Мы с дядей оба очень порадовались моему столь удачному трудоустройству и долго обсуждали это, ворковали прямо как голубки на карнизе. Вначале довольно долгое время я ходил в учениках. А планы у меня были вполне определённые: поработаю годик, справлю себе приличную одежду, помогу по возможности родителям и поеду в Казань поступать в университет. На всю жизнь оставаться у подножия Уральских гор я не собирался. Кроме того, я преследовал ещё одну, более мелкую цель: купить себе с первой же получки кожаные туфли на толстой подошве и, надев их, «отомстить» таким образом, большому пальцу ноги, опозорившему меня тогда на выпускном вечере.
Как бы там ни было, я приложил все усилия, терпение и настойчивость и устроился на работу, требующую большой физической нагрузки, но хорошо оплачиваемую. Если бы эпоха «диктатуры пролетариата» продлилась дольше, я мог бы с гордостью заявить: «А ты попробуй-ка, поработай возле печи, пышущий стоградусной жарой». Но теперь уже рабочие специальности не в почёте.
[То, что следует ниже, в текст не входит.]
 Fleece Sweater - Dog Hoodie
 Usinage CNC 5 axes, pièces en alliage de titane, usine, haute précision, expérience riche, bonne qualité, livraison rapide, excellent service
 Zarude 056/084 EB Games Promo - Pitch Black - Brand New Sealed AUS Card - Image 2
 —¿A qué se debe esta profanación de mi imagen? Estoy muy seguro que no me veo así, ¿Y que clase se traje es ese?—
Город Краснотурьинск точно так же, как наши Набережные Челны, построен ради обслуживания завода-гиганта, с ним связано его культурное и материальное состояние. Сумеешь устроиться на работу возле доменной печи, значит, ты счастливчик, ты – при деньгах. Рабочий день сокращённый, всего шесть часов, холодная минеральная вода в автоматах не иссякает, выдают даже талоны на молоко. На пенсию выходят с пятидесяти лет, на десять лет раньше, чем другие. На заводе сутки разделены ровно на четыре части. Четыре дня подряд работаешь в одну смену, например, с двенадцати ночи до шести утра, потом сутки отсыпаешься и приступаешь к следующей шестичасовой трудовой вахте.
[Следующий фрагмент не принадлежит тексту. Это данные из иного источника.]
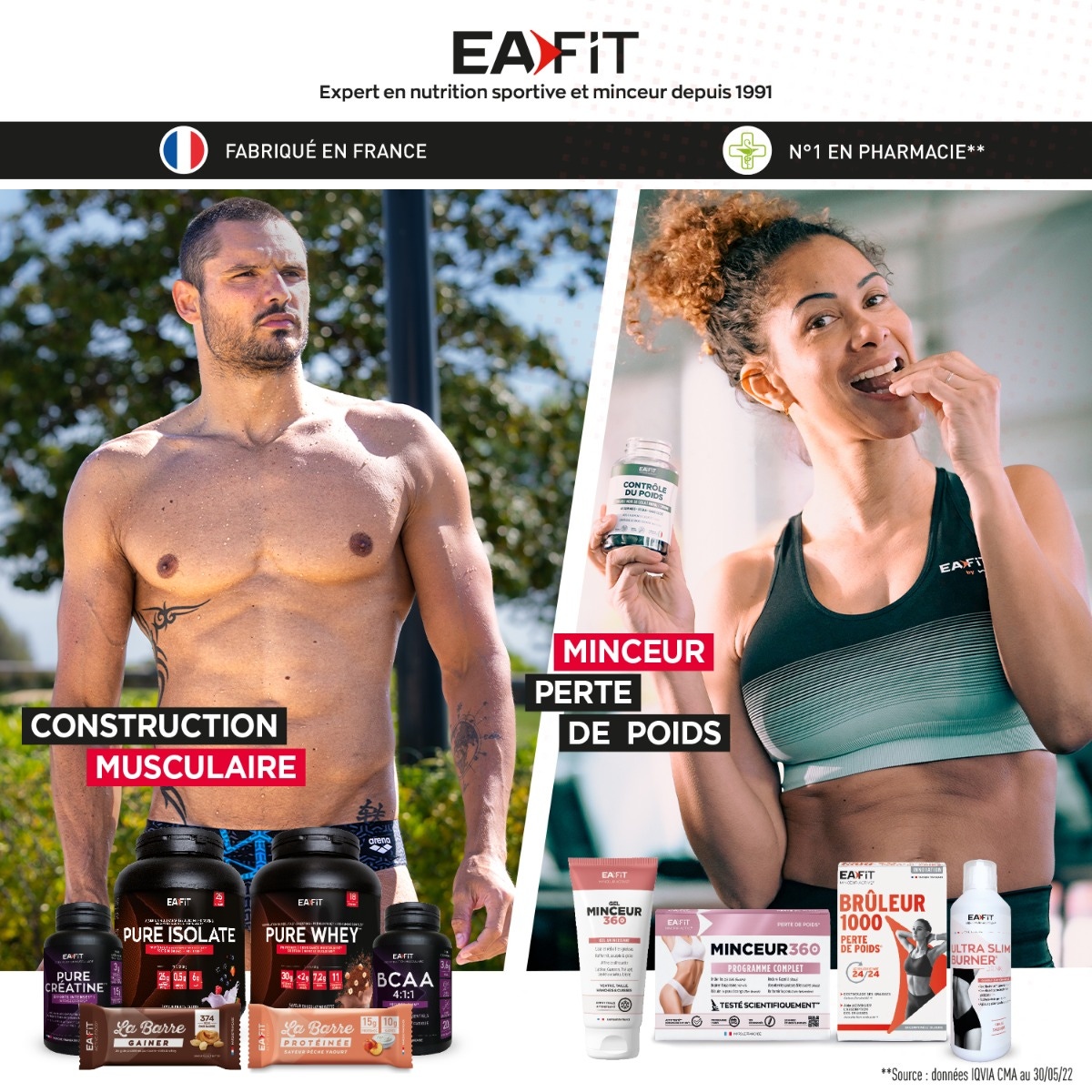 EAFIT Gel Massaggio Riscaldante 75 ml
Тихо, спокойно посидеть удаётся очень редко. Чаще всего пять часов из шести до изнеможения приходится проводить возле горячей домны, утопая в солёном поту. Коллектив под названием «звено», состоящий всего из двух человек, отвечает за шесть печей. Каждая печь размером примерно с деревенскую баньку: длиною шесть метров, шириной три метра, обложена толстым слоем рифлёного железа, в лоне её бушует, буйствует огонь, кипит алюминий. Со стихами о домнах Хасана Туфана, в ту пору запретными, я познакомился позже. Времена изменились, а процесс плавки, оказывается, всё тот же.
Когда наступает время «кормить» печь, чтобы поддержать процесс плавки, то есть подсыпать в неё алюминиевого порошка, на крыше печи загорается лампочка и включается пронзительно воющая сирена. Значит, пора, дёргая с обеих сторон цепь, поднять железный «занавес» и обычным ломом или специальным буром, как рыбак делает во льду лунку, проткнуть бешено кипящую красную жижу. Жара возле печи невыносимая, к тому же приходится спешить, суетиться, солёный пот щиплет глаза. Мало тебе постоянно воющей под ухом и подстёгивающей тебя сирены, тут, откуда ни возьмись, появляется начальство, начинает торопить, «кормить» тебя умными советами. Наконец, как только в проделанную «лунку» из железного короба насыпается белоснежный алюминиевый порошок, домна, как ребёнок, добившийся, наконец, материнской груди, затихает и успокаивается.